Records drawn from a dataset:
☆ ☆ ☆ ☆ ☆
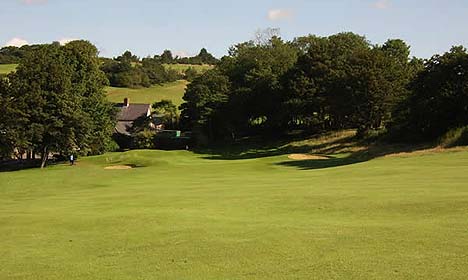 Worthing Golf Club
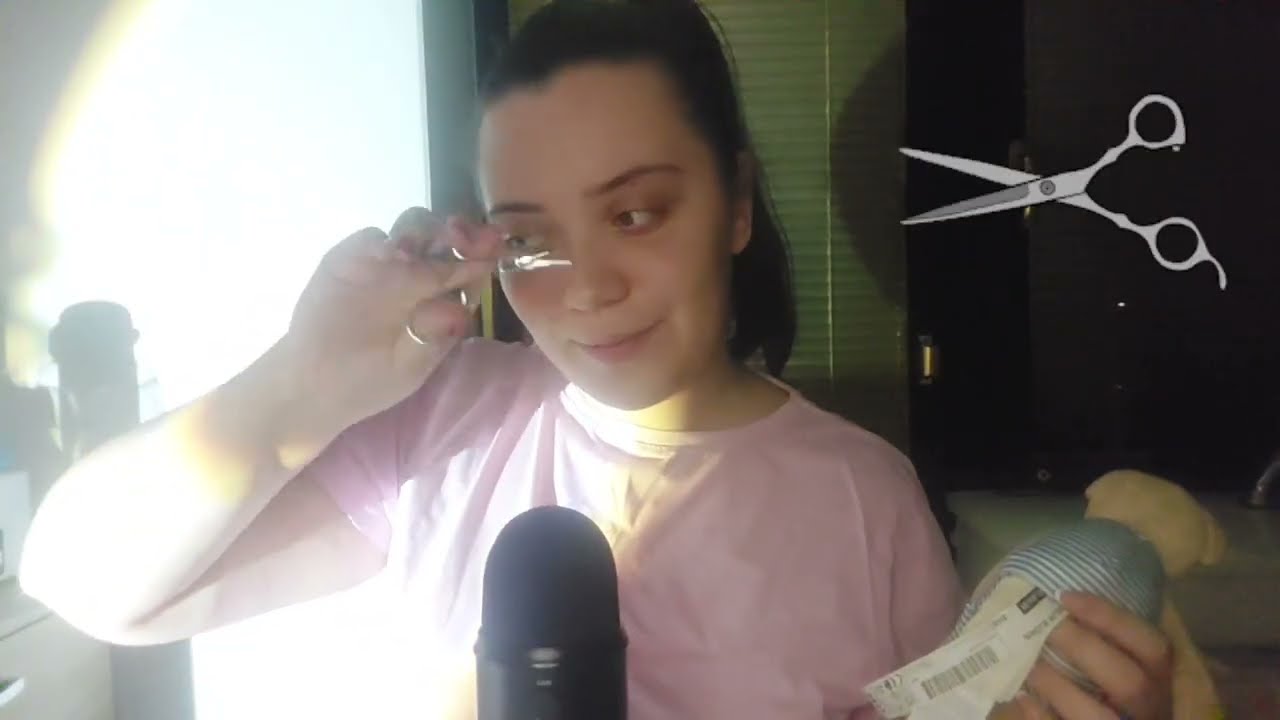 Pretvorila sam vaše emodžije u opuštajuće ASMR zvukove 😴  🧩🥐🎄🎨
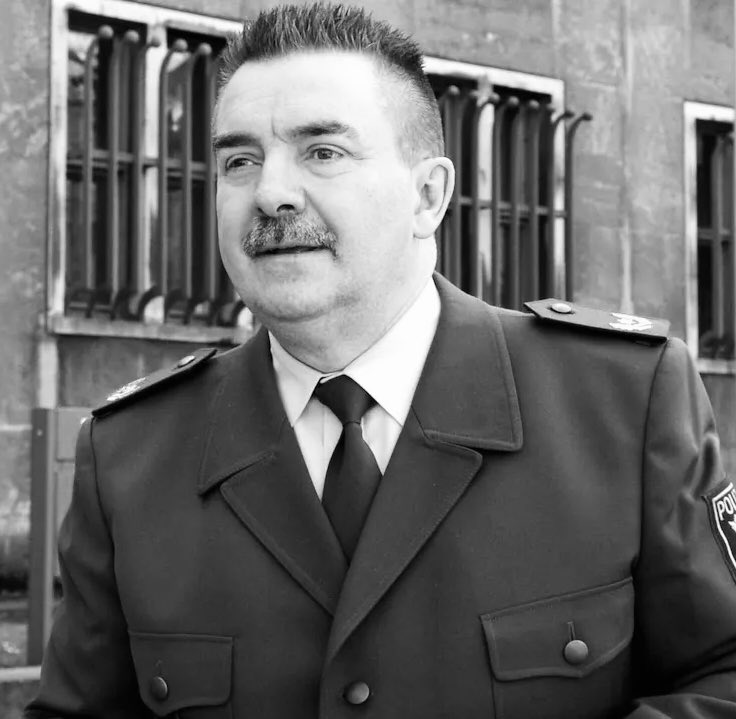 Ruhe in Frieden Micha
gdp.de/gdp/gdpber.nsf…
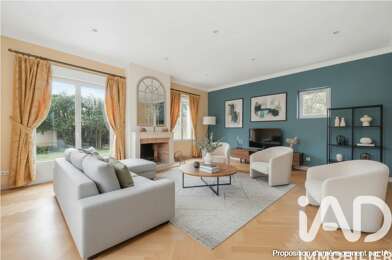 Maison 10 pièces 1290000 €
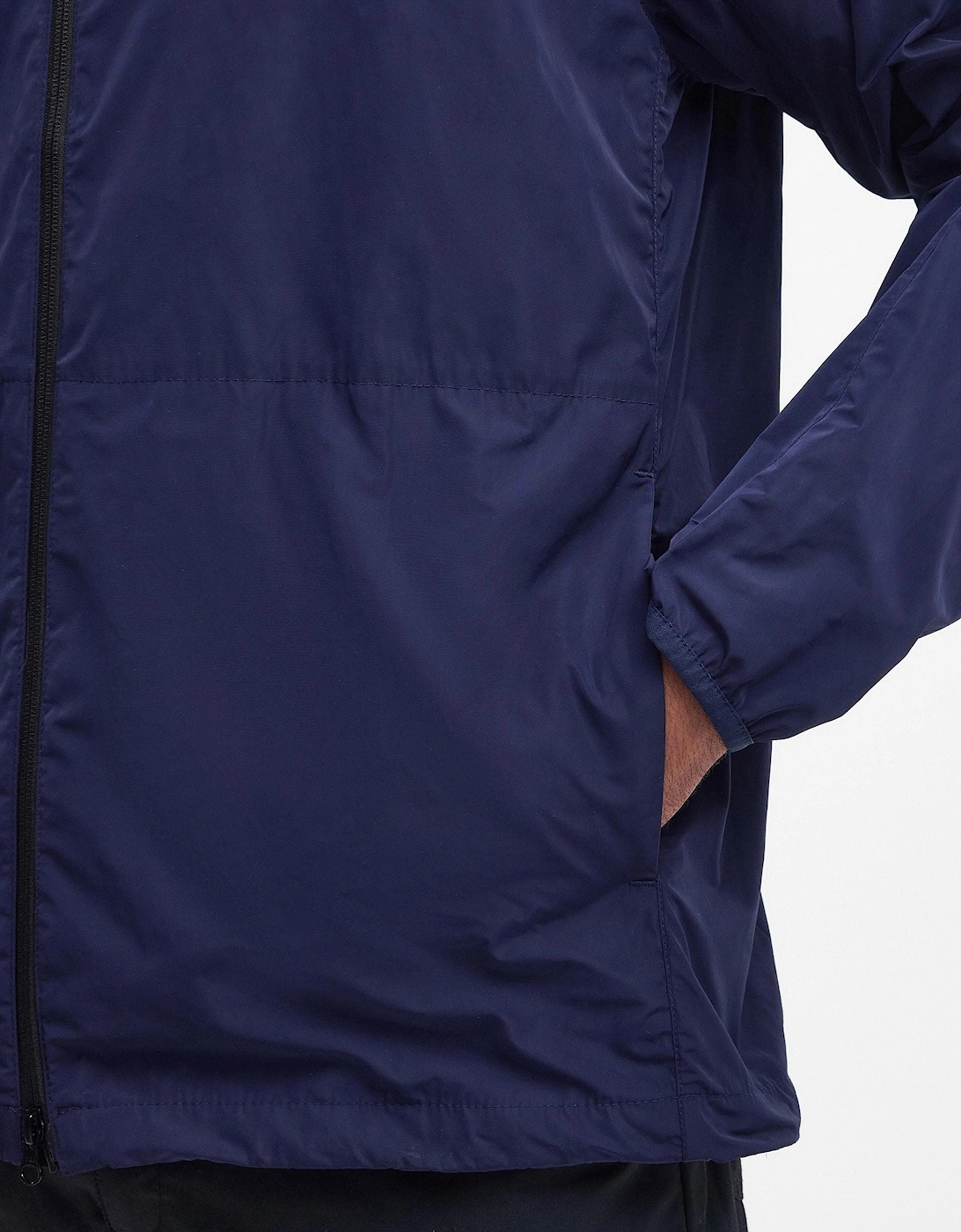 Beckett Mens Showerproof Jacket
☆ ☆ ☆ ☆ ☆
» What the task asks
Exact copies of the lines from the one containing "Ruhe in Frieden Micha" through the end of the records above are required, with no pictures among them.

» Result
 Ruhe in Frieden Micha
gdp.de/gdp/gdpber.nsf…
 Maison 10 pièces 1290000 €
 Beckett Mens Showerproof Jacket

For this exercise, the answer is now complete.